Most people might think the hydro bill represents their water consumption bill, but actually hydro is a cultural term for electricity. This is because most of the electricity generated in Canada is by Niagara Falls and by other hydroelectric dams.
What is Hydro Bill?
Hydro bill is simply your electricity bill. Many Canadian homes are heated by natural gas, oil, or electricity (“hydro”) and in most cases, apartments or landlords include these costs as part of the rent, usually as utility bills. Electricity can be supplied to you through a local utility or a unit sub-metering retailer.
Canadians are responsible for paying for their energy consumption when they receive their hydro bill. Although there are many line items on your bill, here is a breakdown of each charge so you know where your money is going.
What is Included in Your Hydro Bill?
Electricity bills can be somewhat confusing simply because of all the details of the charges included. Depending on your province your hydro bill can look different, but here are a few items all hydro bills have in common:
- Meter Number: Most homes are equipped with smart meters, but in the case that they are not, meter numbers are used. Your electricity provider uses your meter number as a unique identification code to be able to identify you when recording your electricity consumption.
- Service Address: The address of the household or business that is going to be billed.
- Statement Date: This is the time period of when the electricity bill was mailed out to your household or business. Any electricity you or your family uses after this date will be charged on the subsequent hydro bill.
- Amount Due: Your energy consumption, regulatory fees, and any other charges will be totaled on your bill.
- Due Date: Date of when payment is owed in full. Any late payments can result in added interest or late fees.
- Billing Summary: Recorded history log of your transactions.
- Electricity Charges: Run-down of various fees owed on your hydro bill. By using your local utility to receive energy, you will be charged the updated regulated rate. As part of the Regulated Price Plan (RPP) rates, this also includes the Global Adjustment. In short, the Global Adjustment was used to encourage energy production. In the case you receive your energy from a retailer as opposed to a local utility, this charge will be aligned with your contracted rate.
- Delivery Charges: Cost of delivering your electricity to your household or business. These costs may be fixed or might vary depending on the amount of your energy usage. These costs cover the fees for electricity distribution, transmission as well as a customer service fee, regulated by the Ontario Energy Board. It is important to note that despite purchasing your energy from a retailer, you will still be charged by your local utility for the delivery of energy to your home or business.

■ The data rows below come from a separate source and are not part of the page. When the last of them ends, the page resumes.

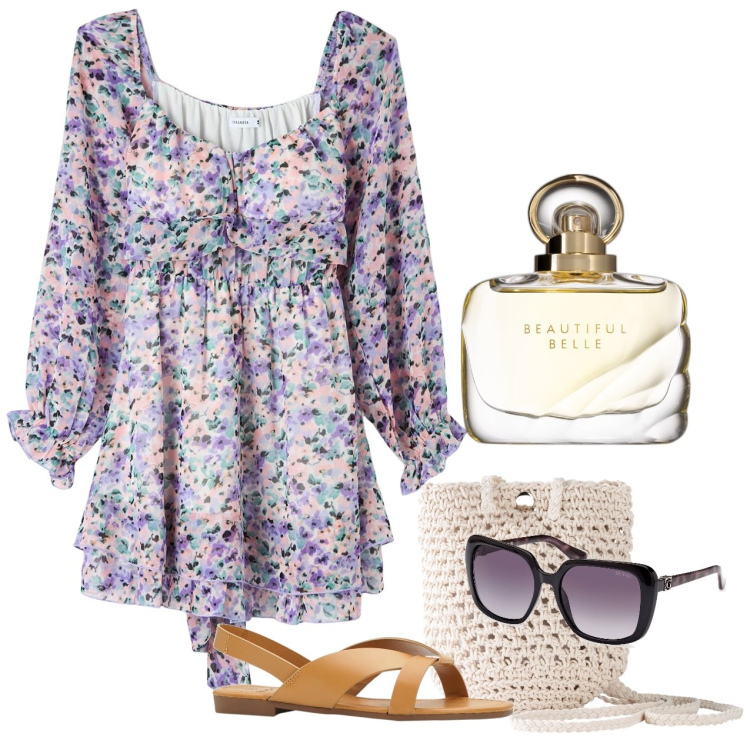 Outfit donna - Oggi romantica. Stile Romantica per Tutti i giorni. Abbinamento con sandali, borse a tracolla, profumi, vestiti corti, occhiali da sole.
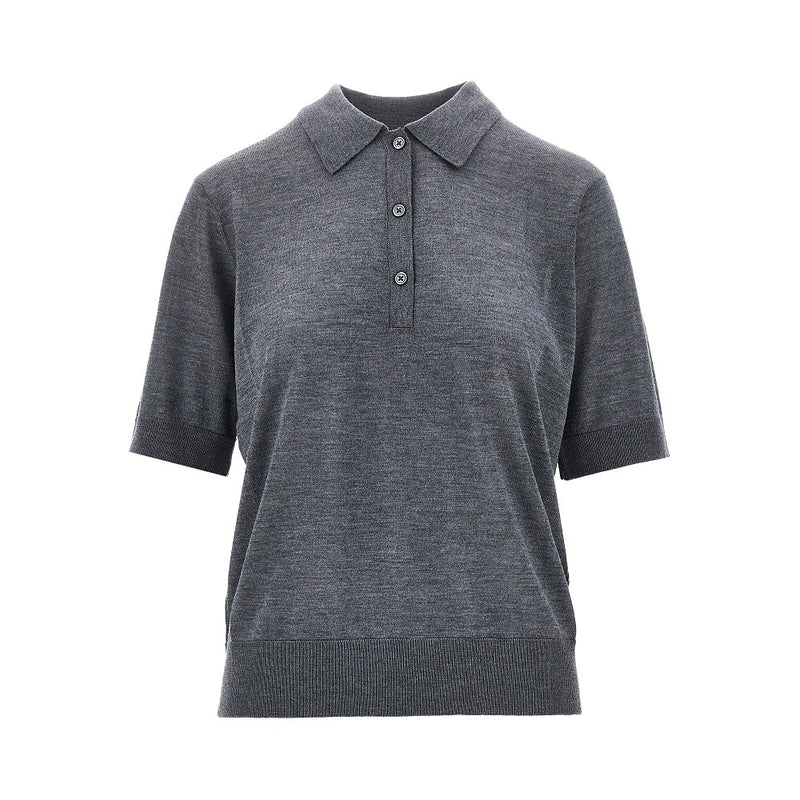 Loulou De Saison Loulou De Saison Migo Cashmere Polo Shirt Grey - World Class Fashion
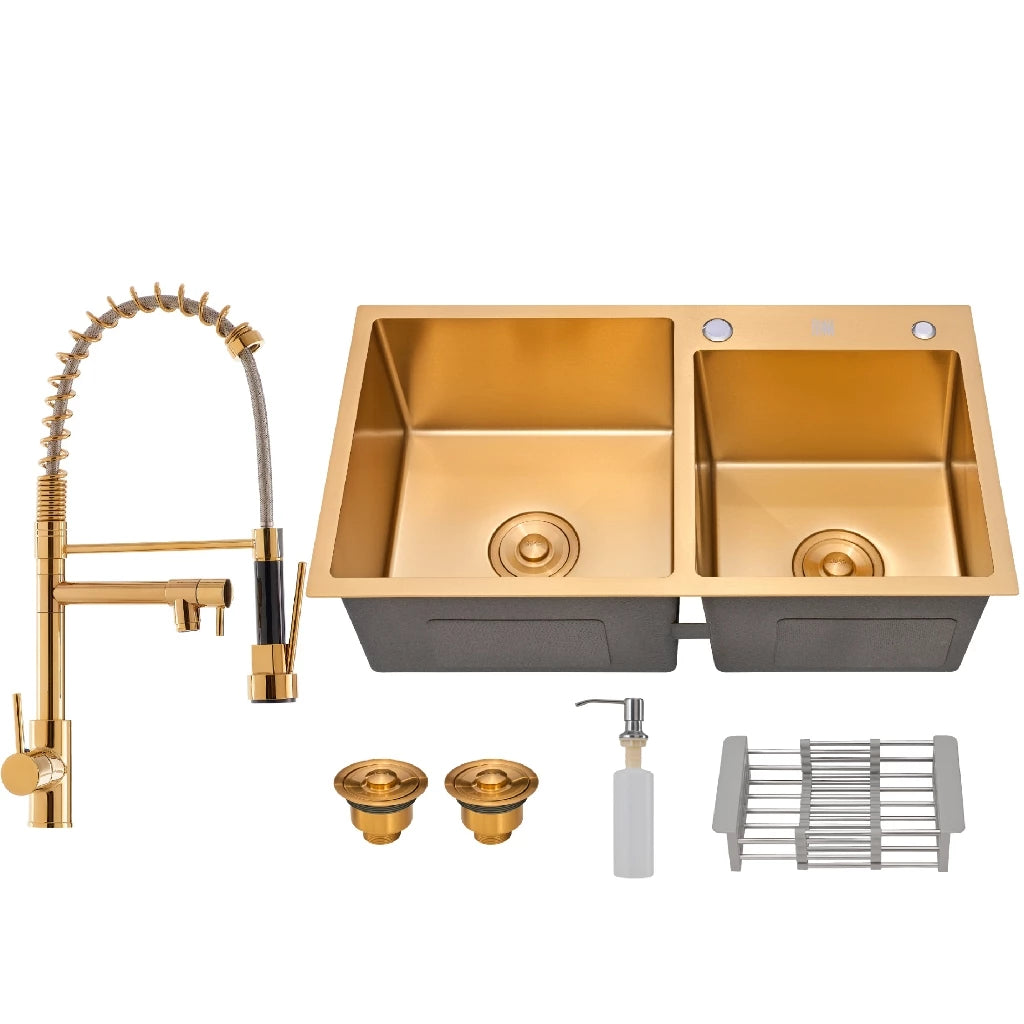 Kit Cuba Dupla Inox 78x43 + Torneira Dourada Completa Lux Gold - Homedeccori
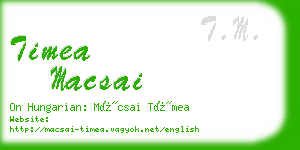timea macsai business card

- Regulatory Charges: Service fees of your local organizations that supply power to you. There are many hands involved in providing families and businesses with energy. In order to keep operations afloat, the Wholesale Market Service Charge supplies funds to the Independent Energy System Operator, which regulates and operates the Ontario energy system. It also helps to subsidize the cost of generating renewable energy as it can get quite expensive. Another charge is the Standard Supply Service charge which pays for the administrative fees incurred by local utilities that provide energy to communities.
- Debt Retirement Charge: 0.7% cent/kWH charge used to pay off Hydro One’s debt before the deregulation of the electricity industry began.
- HST: 13% Harmonized Sales tax applied on the total value of your bill.
Why are there different electricity rates?
The price of electricity fluctuates constantly as with anything on the stock market. There are system operators who monitor the electricity market in Canada. Specifically for Ontario, the Independent Electricity System Operator (IESO) oversees the purchasing and sales of electricity to ensure that buyers can comfortably obtain the most affordable electricity price at hand.
Buyers and sellers duel it out until they settle on a price commonly known as the Market Clearing Price (MCP). The MCP is changed every five minutes and in every hour, you can have twelve MCPs averaged to achieve the Hourly Ontario Energy Price (HOEP).
The HOEP is most often used by businesses to purchase vast amounts of electricity wholesale. For homeowners or small businesses, Time-Of-Use prices are used to provide electricity. Time-of-Use prices are regulated based on the HOEP, but include other charges such as the cost of transmission and the Global Adjustment fee.